GitOpsHQ Docs
Deployment

Rollback Operations

Complete guide to rollback modes, selective rollback, approval workflows, and safe incident recovery.

What Is Rollback

Rollback reverts a deployment to a previous known-good state. When an incident occurs — a bad image tag, a misconfigured variable, a broken manifest — rollback lets you recover quickly by restoring configuration from a specific point in deployment history.

GitOpsHQ supports multiple rollback strategies with different scopes and granularity, so you can match the recovery action to the severity and scope of the incident.

Rollback Is Not Undo

Rollback creates a new commit that reverts state to a previous revision. It does not erase history. Every rollback action is fully traceable in both Git history and the GitOpsHQ audit trail.

Feature Gating

Rollback capabilities are gated behind feature flags: basic_rollback for full mode, rollback for the general rollback framework, selective_rollback for service and field-level modes, and rollback_approval for the approval workflow integration.

Rollback Modes

GitOpsHQ offers three rollback modes, each targeting a different scope of recovery:

Full Rollback

Reverts the entire tenant-environment to a previous deployment state. All services, bindings, variables, and configurations are restored to the selected historical revision.

When to use:

  • Multiple services are affected by the incident
  • You need to restore a known-good state quickly
  • The exact failing component is unclear

What it reverts:

  • All workload image tags and configurations
  • All Kustomize and manifest bindings
  • All HQ Variable values (as they were at the target revision)
  • All environment-level configuration

Trade-off: Full rollback may revert healthy services alongside the broken one. Use service or field-level rollback if you need surgical precision.

Service Rollback (Pro)

Reverts a single service within a tenant-environment to a previous state. All other services remain at their current revision.

When to use:

  • The incident is isolated to a specific microservice
  • Other services are healthy and should not be disturbed
  • You want to minimize blast radius during recovery

What it reverts:

  • The selected service's image tag and configuration
  • The selected service's values and bindings
  • Service-scoped HQ Variables for this service

Requirement: Requires Pro plan or higher.

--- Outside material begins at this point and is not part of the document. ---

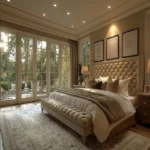 The Peak Karjat 4 BHK Villa Luxury Master Bedroom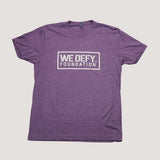 $30 Donation:  Purple WDF Classic Logo Tee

Field-Level Rollback (Enterprise)

Reverts specific configuration fields for a service (e.g., only the image tag, only the replica count) while keeping all other fields at their current values.

When to use:

  • You know exactly which field caused the incident
  • You want maximum granularity — change one value, touch nothing else
  • Post-incident, you need to revert a specific variable without affecting other recent changes

What it reverts:

  • Only the explicitly selected fields within a service configuration

Requirement: Requires Enterprise plan. Field selection must be non-empty — the backend rejects empty field selections.

Mode Comparison

AspectFullService (Pro)Field-Level (Enterprise)
ScopeEntire tenant-environmentSingle serviceSpecific fields within a service
Blast radiusHighMediumMinimal
SpeedFastest (single revert commit)FastModerate (field-level diffing)
PrecisionLowMediumHigh
RiskMay revert healthy servicesIsolated to one serviceSurgical, but requires knowing the root cause
PlanAll plansPro+Enterprise

Selective Rollback Wizard

The SelectiveRollbackWizard provides a guided, step-by-step interface for executing rollbacks safely.

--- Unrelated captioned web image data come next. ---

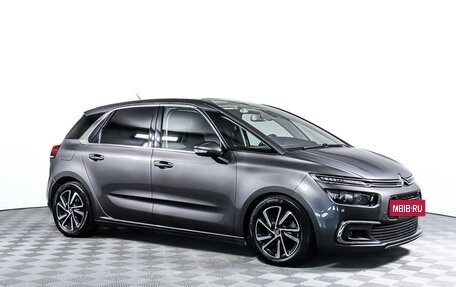 Citroen C4 Picasso II рестайлинг, 2017 год, 1 811 000 рублей, 2 фотография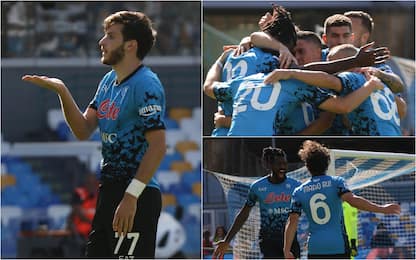 Serie A, Napoli-Torino 3-1: partenopei in vetta alla classifica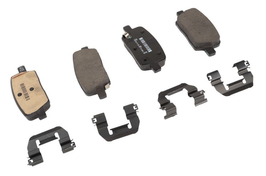 Chevrolet Camaro Bremsbeläge Kit hinten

Select rollback scope. Choose between Full, Service, or Field-Level rollback. The wizard explains the blast radius of each mode before you proceed.

Choose target tenant-environment. Select the tenant and environment where the rollback will be executed. The wizard shows the current deployment state and health status.

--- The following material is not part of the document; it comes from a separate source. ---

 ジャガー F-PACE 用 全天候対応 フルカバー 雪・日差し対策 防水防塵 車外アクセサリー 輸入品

Select the target revision. Browse the deployment history for this tenant-environment. Each historical deployment shows its timestamp, changes, deployer, and revision ID. Select the revision you want to roll back to.

Preview the rollback diff. The wizard generates a detailed diff showing exactly what will change:

  • Current state vs. target revision state
  • Per-service breakdown of affected fields
  • For field-level mode: only selected fields are shown
  • Impact summary: number of services, bindings, and variables affected

Submit rollback. Add a justification explaining why the rollback is needed. If the environment's approval policy requires it, the rollback enters the approval queue. Otherwise, it executes immediately.

Deployment History

The DeploymentHistoryPanel shows the full deployment timeline for a tenant-environment, serving as the source of truth for rollback target selection.

ColumnDescription
RevisionUnique deployment revision identifier
TimestampWhen the deployment was executed
AuthorWho triggered the deployment
ChangesSummary of what changed in this deployment
SourceWhether this came from a release, promotion, or rollback
StatusDeployment result (success, failed, rolled back)
Actions"Rollback to this revision" button, "Compare with current" link

Comparing Revisions

Click "Compare with current" on any historical revision to see a side-by-side diff between that revision and the current deployed state. This helps you choose the right rollback target — especially when multiple deployments have occurred since the last known-good state.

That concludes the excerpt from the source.